Title: Judging Text-to-Speech by the Wisdom of the Crowd
Speaker: Prof. Alan Black (http://www.cs.cmu.edu/~awb/)
Date: Wednesday, Nov 30th @Noon
Room: GHC 6501

One of the many hard issues in generating good synthetic speech is the difficulty in evaluating the quality. Objective measures are always useful when optimizing various machine learning algorithms, but in speech generation it is ultimately what the end user actually thinks about the speech that is important. Running human listening tests is expensive, and not very reliable.

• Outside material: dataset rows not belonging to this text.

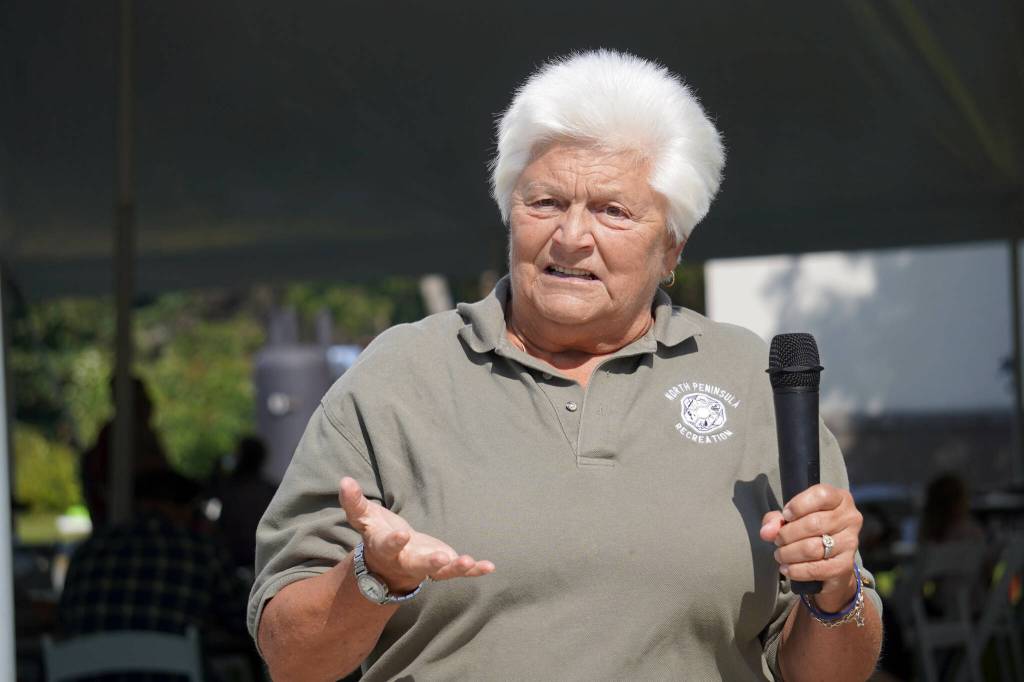 Karen Kester speaks during a celebration of the 50th anniversary of North Peninsula Recreation Service Area at the Nikiski Pool in Nikiski, Alaska, on Saturday, Aug. 3, 2024. (Jake Dye/Peninsula Clarion)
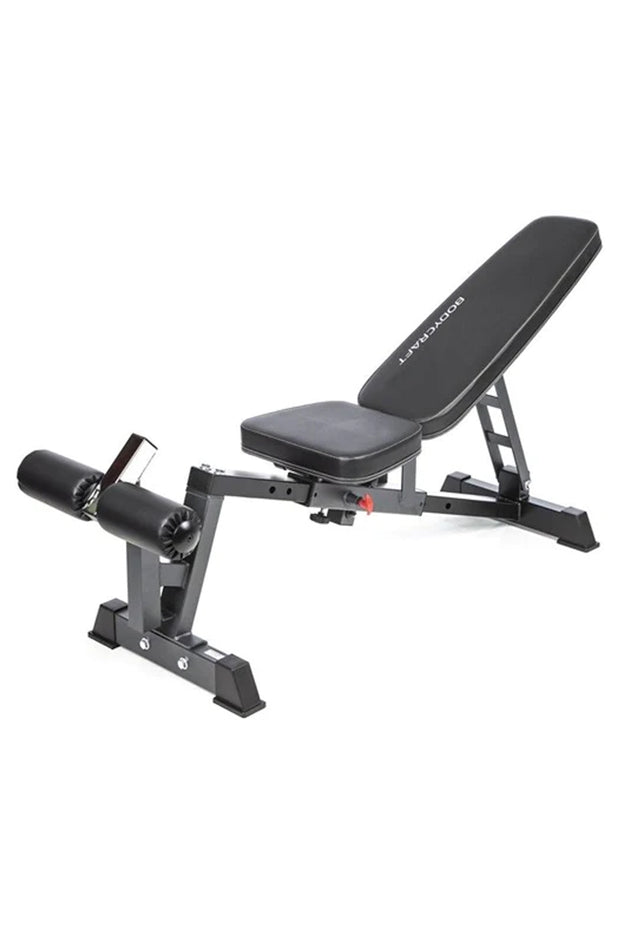 Adjustable weight bench with foot pads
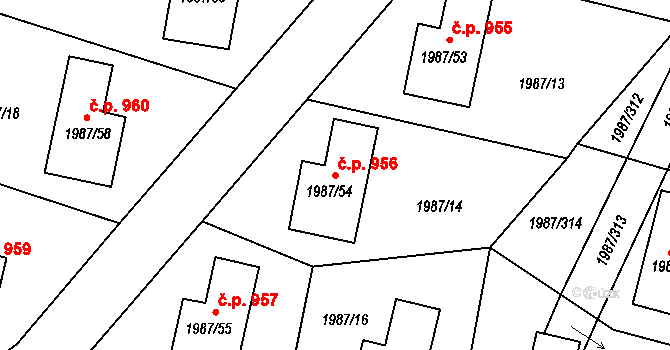 Nýřany 956 na parcele st. 1987/54 v KÚ Nýřany, Katastrální mapa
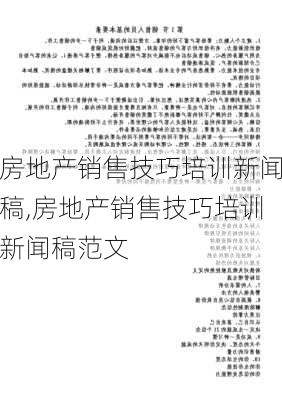 房地产销售技巧培训新闻稿,房地产销售技巧培训新闻稿范文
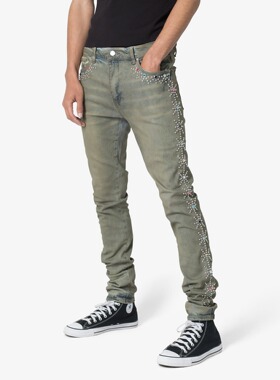 Mnml 铆钉侧边蓝色流行长裤四季弹性修身小脚紧身牛仔裤男新品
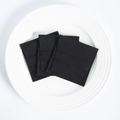 Three premium black microfiber jewelry pouches with flap closure on white tray - 8*8cm / Black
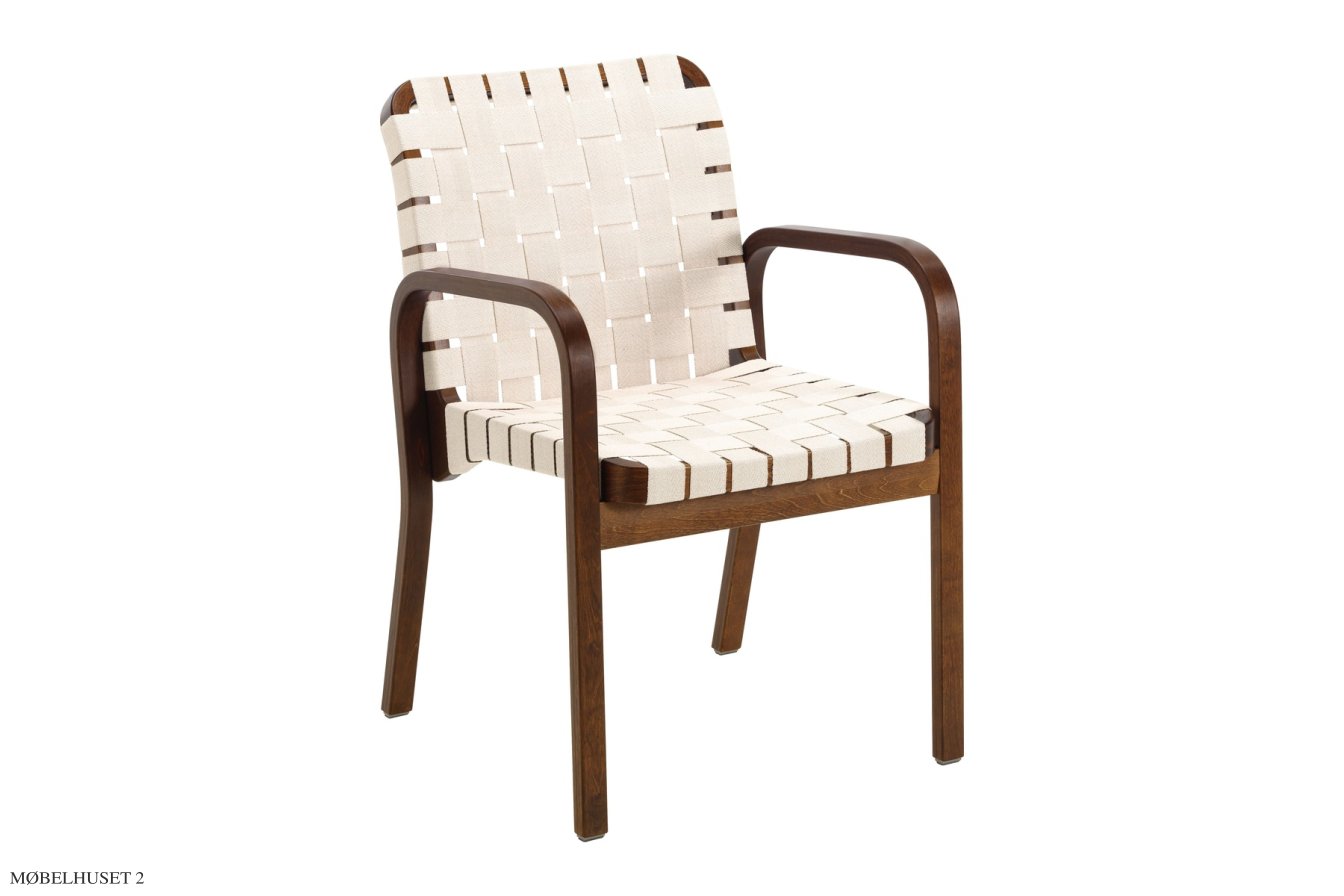 Armchair 45 armstol, Birk Valn�d bejdse | Flet, natural-white | Artek
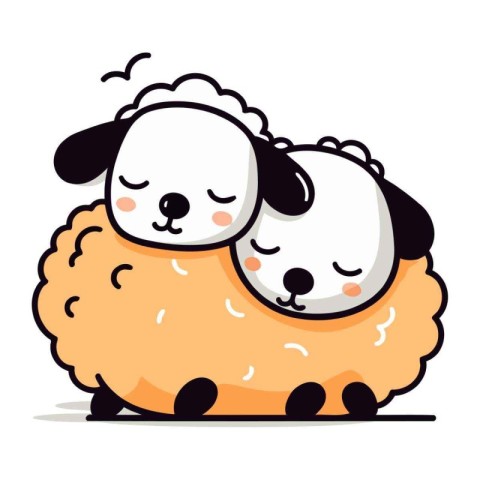 Cute cartoon sheep vector illustration. Cute sheep cartoon chara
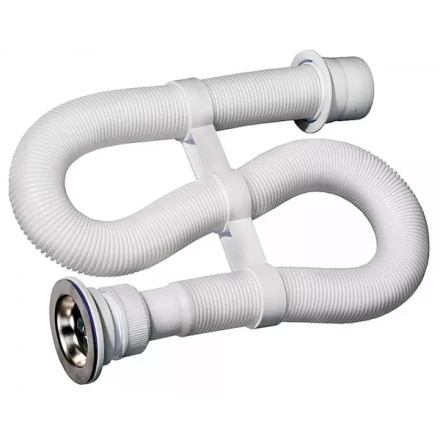 Сифон ЗУБР "МАСТЕР" гофрированный для моек и раковин, выпуск - нержавеющая чашка, 0,9м 51883-09 купить в Ханты-Мансийске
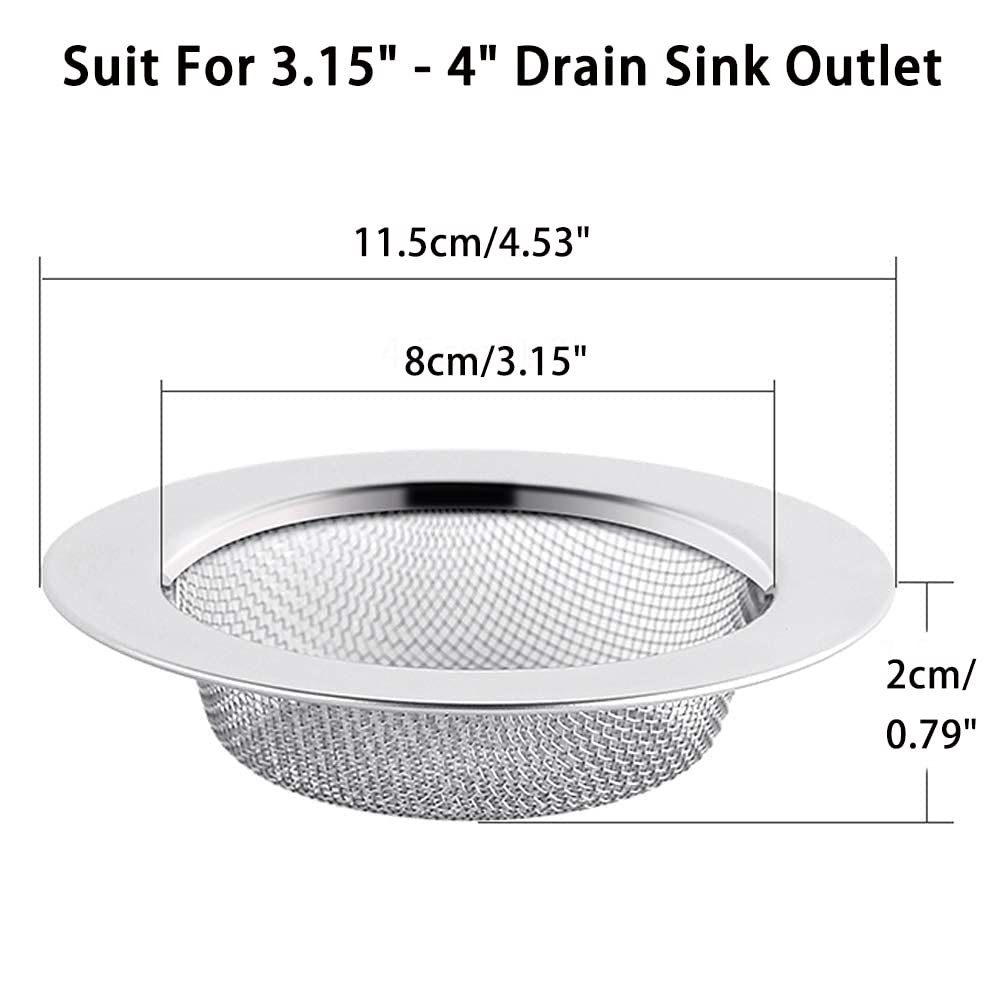 2 Filtri Per Lavello In Acciaio Inox 11 Cm Con Manico - Anti-intasamento Per Cucina E Bagno
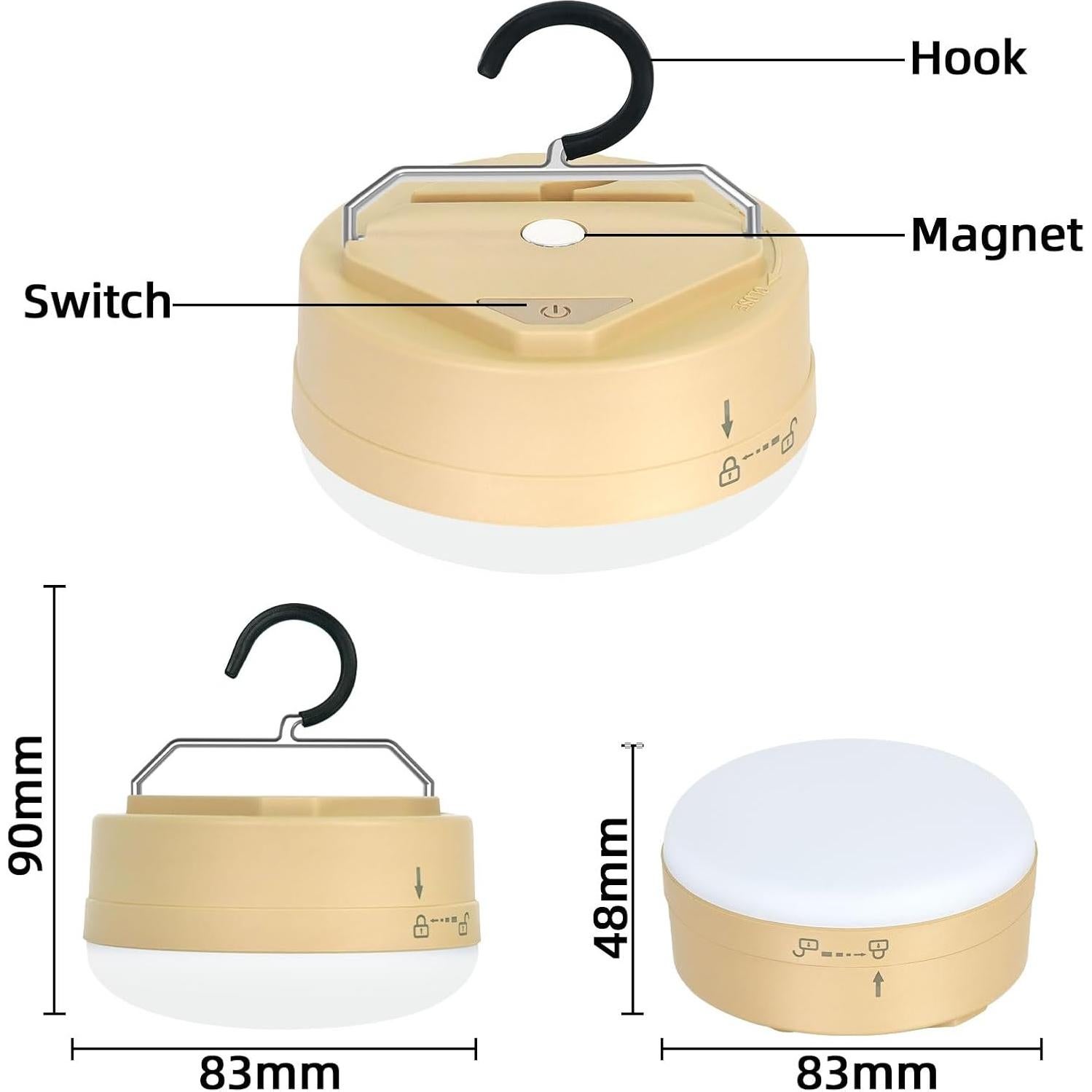 Luz LED de Camping MOSLIGHTING, 4 Modos, 300lm, 8.6cm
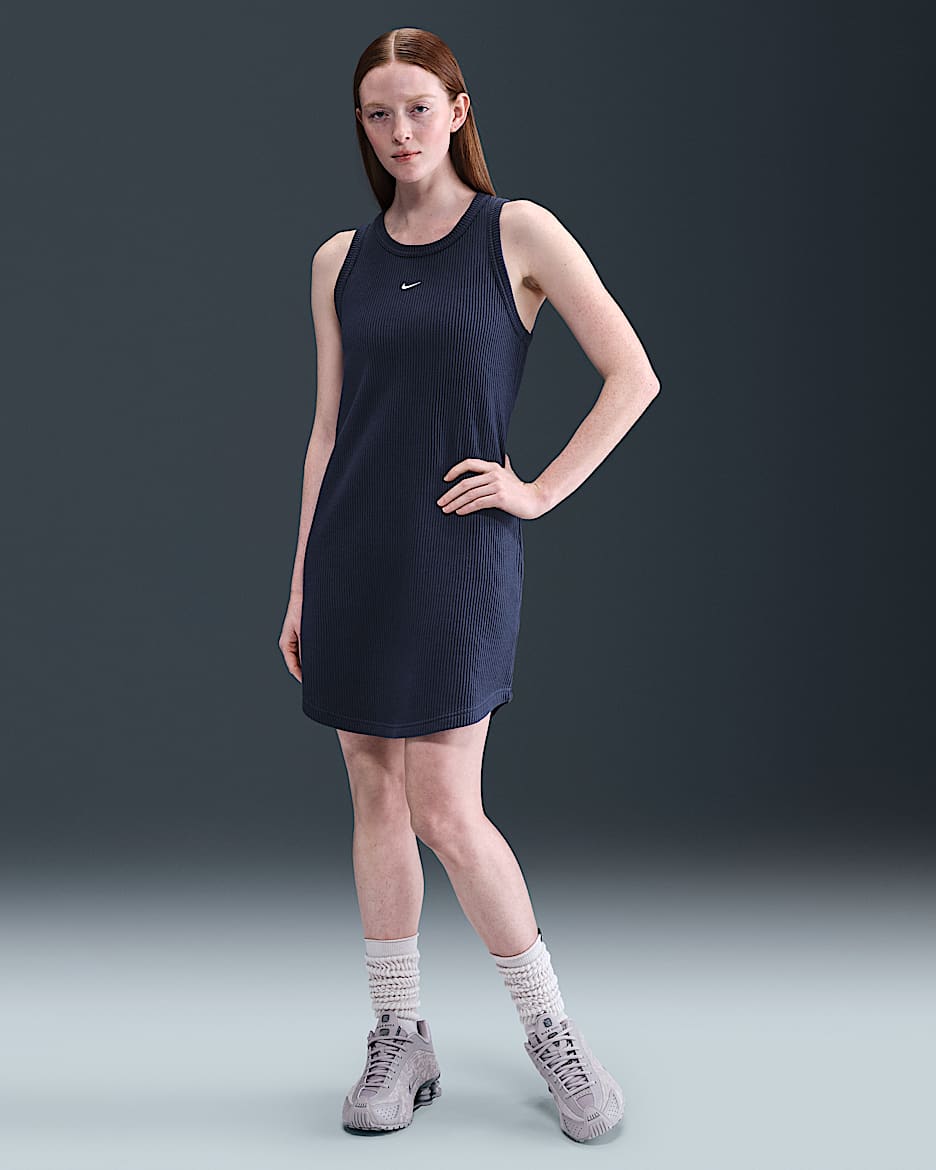 Nike Sportswear Chill Knit tanktopjurk met wafelpatroon - Midnight Navy/Sail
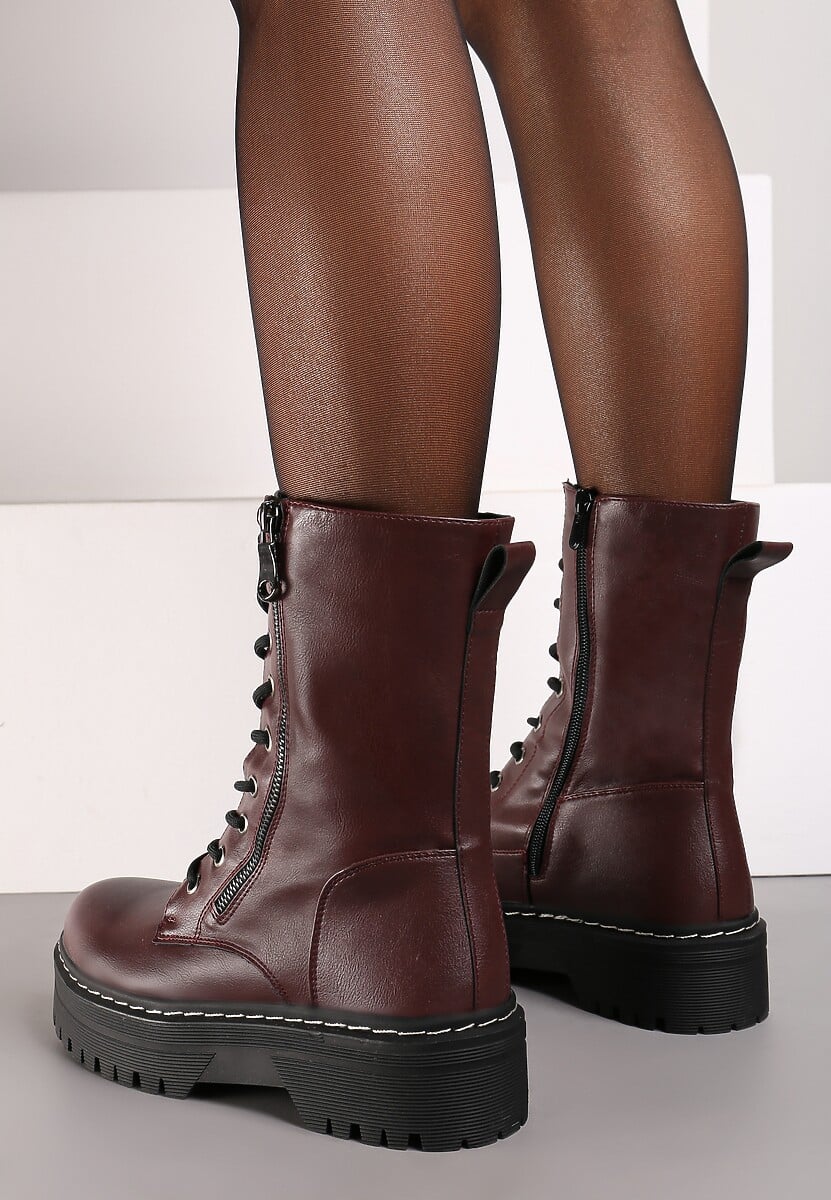 Bordowe Botki Workery na Grubej Podeszwie Ozdobione Dodatkowym Suwakiem Tiriary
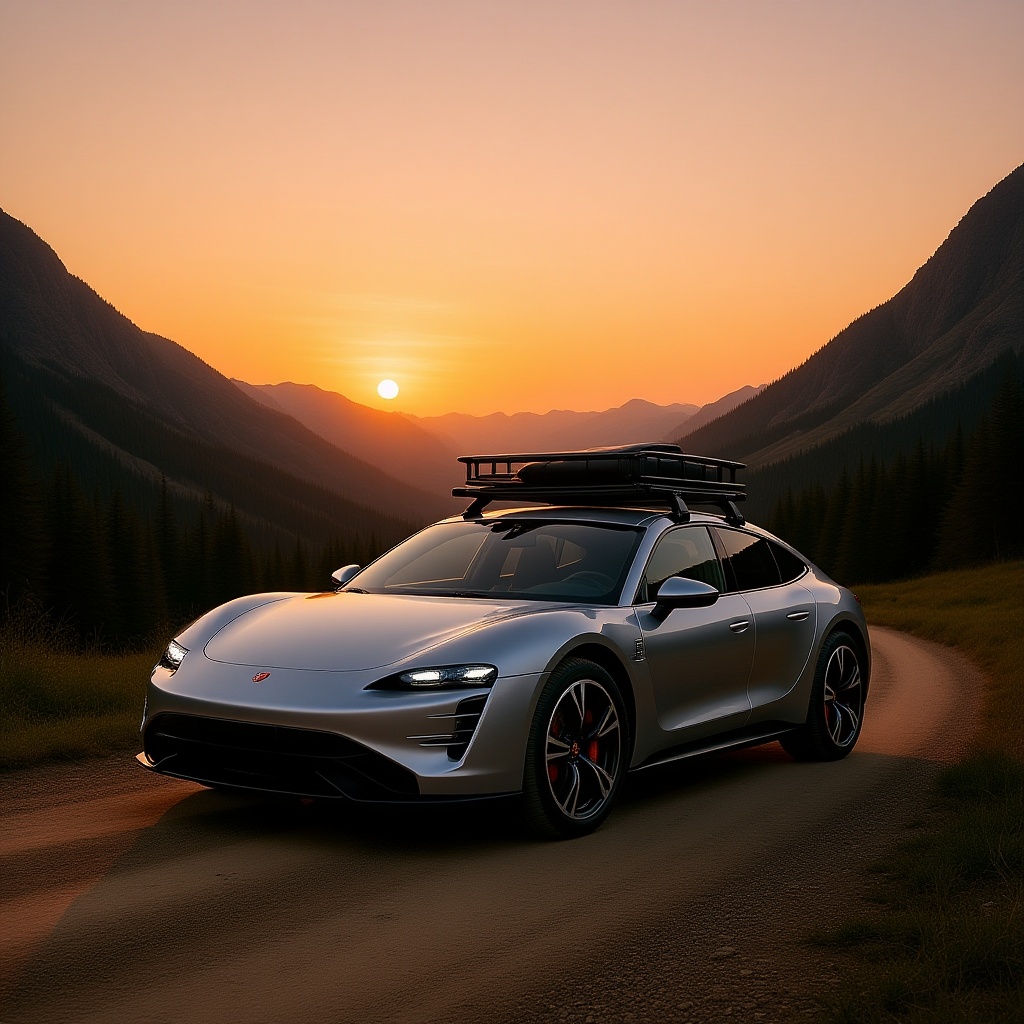 Car in a mountain environment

This talk lays out the techniques we've used to try to find robust subjective evaluation techniques for speech synthesis. These have been implemented in the annual Blizzard Challenge where teams build synthetic voices from a common dataset and then we have many people judge the quality by listening to them. The results are robust (different subsets of listeners correlate) and there have been interesting results found about the orthogonality of naturalness and intelligibility. However as we go further into using end users are an evaluation system we note a number of issues that must be addressed. People prefer voices they've listened to before (for good speech perceptual reasons). People are not good at judging subtle differences such as voice quality, intonation, timing etc; naturalness and intelligibility are not the only goals.

This talk will present existing crowd sourcing techniques used to evaluate speech synthesis and propose new techniques that might help use evaluate future directions in speech synthesis.